Carnegie Mellon continued its “day on, not a day off” tradition on Jan. 16. President Cohon, chairman of the university’s Diversity Advisory Council (DAC), began the day’s events by discussing the university’s progress in building diversity on campus. He reported that Carnegie Mellon has one of the highest percentages of international undergraduate students among its peers. Female undergraduate enrollment is steadily increasing, and women made up 40 percent of the student body in 2005 (up from 32 percent 10 years ago). Tenure among female faculty members is showing “slow but steady” progress, and there has been a substantial increase in the number of female research faculty on campus.

Though the university showed progress in these areas, Cohon highlighted numerous areas for improvement, such as increasing the number of minorities in faculty and professional positions, and improving the representation of women in science, engineering and business. “Diversity, in all of the meanings of that word, is one of Carnegie Mellon’s strategic priorities,” Cohon wrote in the annual DAC report. “Through the efforts of the Diversity Advisory Council, and all the members of the university community, we will continue to become more diverse—and better.”
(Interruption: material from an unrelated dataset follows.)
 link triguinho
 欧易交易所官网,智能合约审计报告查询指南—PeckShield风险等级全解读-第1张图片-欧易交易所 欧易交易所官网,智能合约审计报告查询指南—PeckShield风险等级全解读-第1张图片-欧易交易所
As part of his address, Cohon also presented the 2006 Barbara Lazarus Award for Culture and Climate to Associate Department Head and Modern Languages Professor Susan Polansky. Named for Barbara Lazarus, associate provost for academic affairs who died in 2003, the award is annually awarded to a faculty or staff member who has demonstrated extraordinary leadership and made a demonstrable impact on improving the culture and climate in the Carnegie Mellon community.


Following the president’s address, students from Carnegie Mellon and local high schools read narratives revealing their experiences with racial difference and discrimination as part of the university’s seventh annual Martin Luther King Jr. Writing Awards ceremony. The awards, sponsored by Carnegie Mellon's Creative Writing Program, present cash prizes to local high school and Carnegie Mellon students who submit poetry or prose about how race has impacted their lives.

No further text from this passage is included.